8 Then Naomi said to her two daughters-in-law, “Go back, each of you, to your mother’s home. May the Lord show you kindness, as you have shown kindness to your dead husbands and to me. 9 May the Lord grant that each of you will find rest in the home of another husband.” Ruth 1:6-9

After some resistance, Orpah finally agreed and left. However, Ruth was determined to stick with her Mother in Law. She refused to leave her side, and in so doing took a great step of faith and courage. By accepting Naomi, she was agreeing to follow her culture and God.  She was at risk of not ever getting married or having society standing again. But she was faithful to Naomi.

But Ruth replied, “Don’t urge me to leave you or to turn back from you. Where you go I will go, and where you stay I will stay. Your people will be my people and your God my God. 17 Where you die I will die, and there I will be buried. May the Lord deal with me, be it ever so severely,if even death separates you and me.” 18 When Naomi realized that Ruth was determined to go with her, she stopped urging her.  –Ruth 1:16-18

The women returned, where townspeople looked rather strangely at Ruth and recalled the family who left, now shrunk. Ruth decided to help provide, and she went to glean at a field. In those days, farmers were not supposed to pick up every bit of wheat when they harvested crops. That way, widows or people who needed help could come and sift out the extra pieces of grain so that they could have food (like we sifted the straw and nuts).  As it turned out, the field that Ruth found to glean in belonged to someone who was related to Elimilek (Naomi’s late husband). His name was Boaz, and when he saw Ruth he was quite intrigued. He encouraged her to keep gleaning in his field, since she was from another country and might not be accepted too widely elsewhere. We can assume that either Ruth was quite pretty or Boaz had heard her tale…maybe some of both:

So Boaz said to Ruth, “My daughter, listen to me.

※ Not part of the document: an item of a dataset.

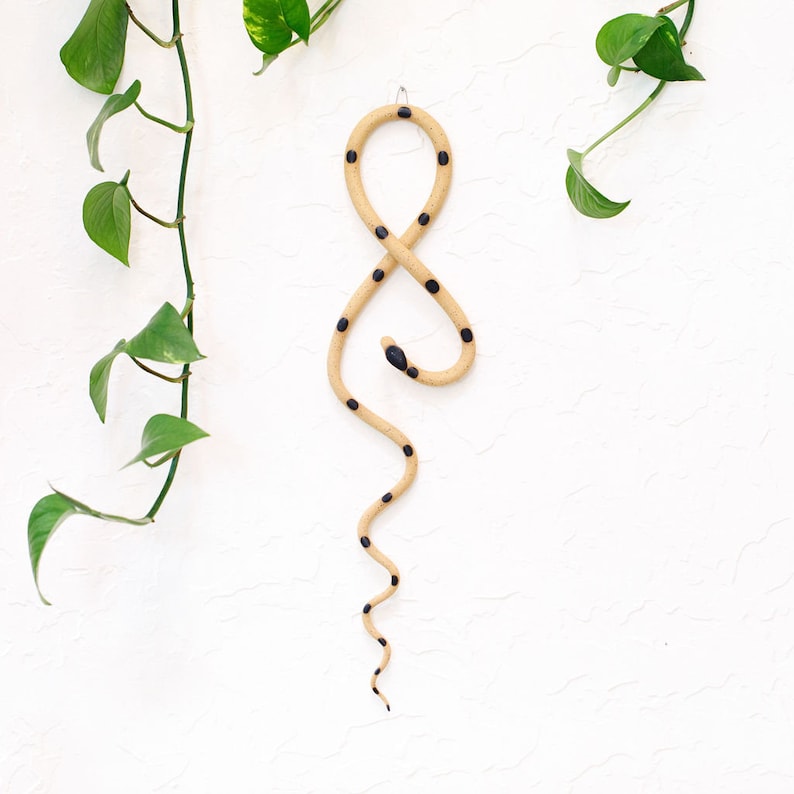 Ceramic Wall Snake by Carter Rose image 7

Don’t go and glean in another field and don’t go away from here. Stay here with the women who work for me. Watch the field where the men are harvesting, and follow along after the women. I have told the men not to lay a hand on you. And whenever you are thirsty, go and get a drink from the water jars the men have filled.”

10 At this, she bowed down with her face to the ground. She asked him, “Why have I found such favor in your eyes that you notice me—a foreigner?”

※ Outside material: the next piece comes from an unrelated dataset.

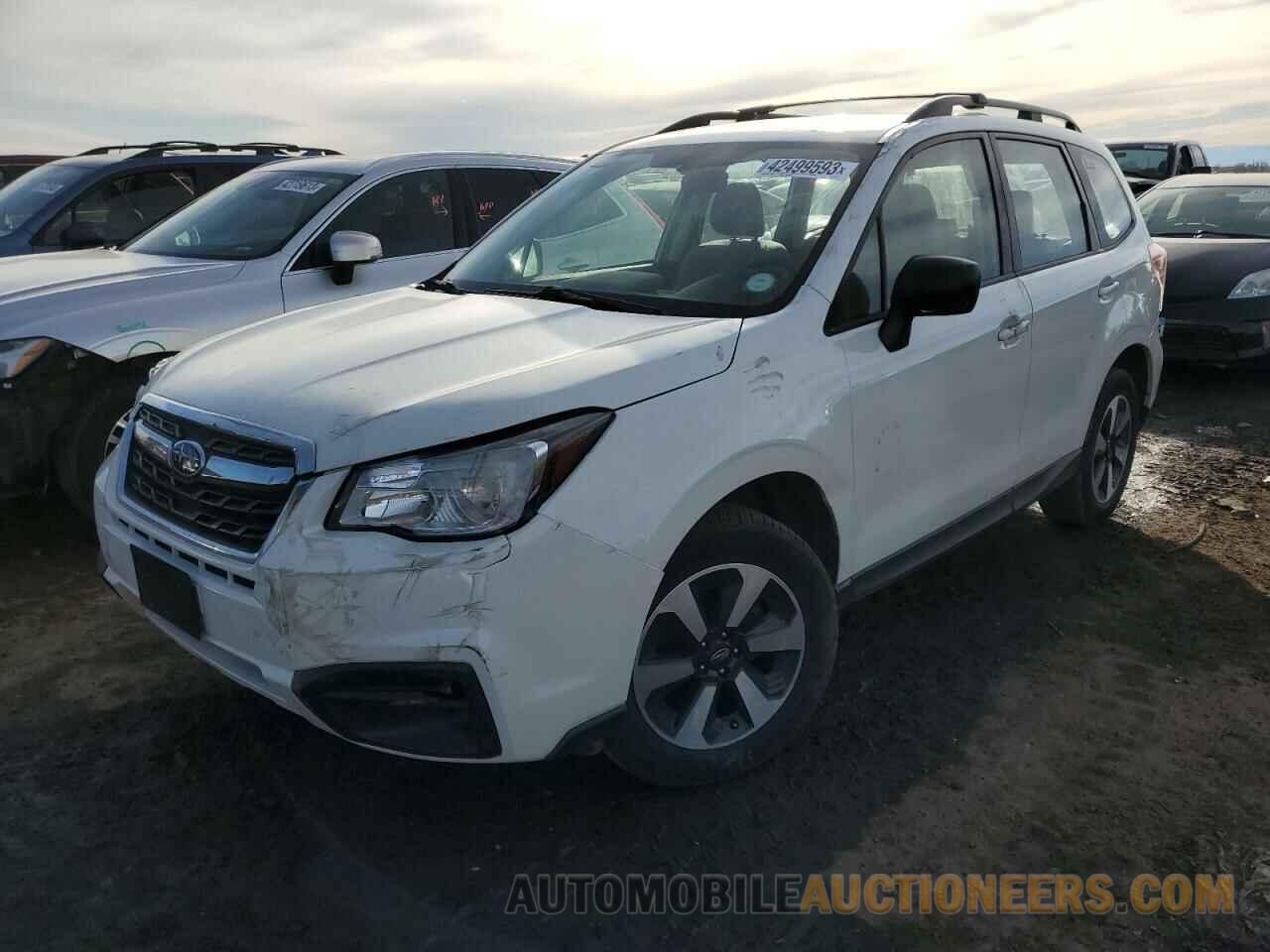 JF2SJABC8JH427854 SUBARU FORESTER 2018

11 Boaz replied, “I’ve been told all about what you have done for your mother-in-law since the death of your husband—how you left your father and mother and your homeland and came to live with a people you did not know before. 12 May the Lord repay you for what you have done. May you be richly rewarded by the Lord, the God of Israel, under whose wings you have come to take refuge.” –Ruth 2:8-12

So Ruth gleaned in the field of Boaz, and Naomi was quite pleased when she heard about it. She told Ruth who Boaz was, and knew they would be cared for.

“The Lord bless him!” Naomi said to her daughter-in-law. “He has not stopped showing his kindness to the living and the dead.” She added, “That man is our close relative; he is one of our guardian-redeemers.”           -Ruth 2:20

Family ties were important in that time. If someone was in trouble and needed help, family members had obligation to take care of them, even if they were not related by blood and even if they had never met the other person. The “redeemer” aspect meant that Boaz was saving Ruth and Naomi, literally taking their shattered lives and helping to put them back together. So since Ruth showed faithfulness to God and her family, and wouldn’t leave Naomi, God took care of them. But what happened with her and Boaz?? Well, tune in next time to find out!

Craft:
Make a necklace (or hanging decoration) to remember family and friends in our lives. Have students select a bead or a noodle for each person in their families. Provide string and help (if necessary) to thread the beads and noodles on. Encourage them to use these to pray for loved ones, and to stick to them like a string to a noodle!

Close with prayer and gratitude for special people in our lives. Ask God for faithfulness and quality relationships with others. If desired, allow students to take some souvenir hay to remember the story, as well.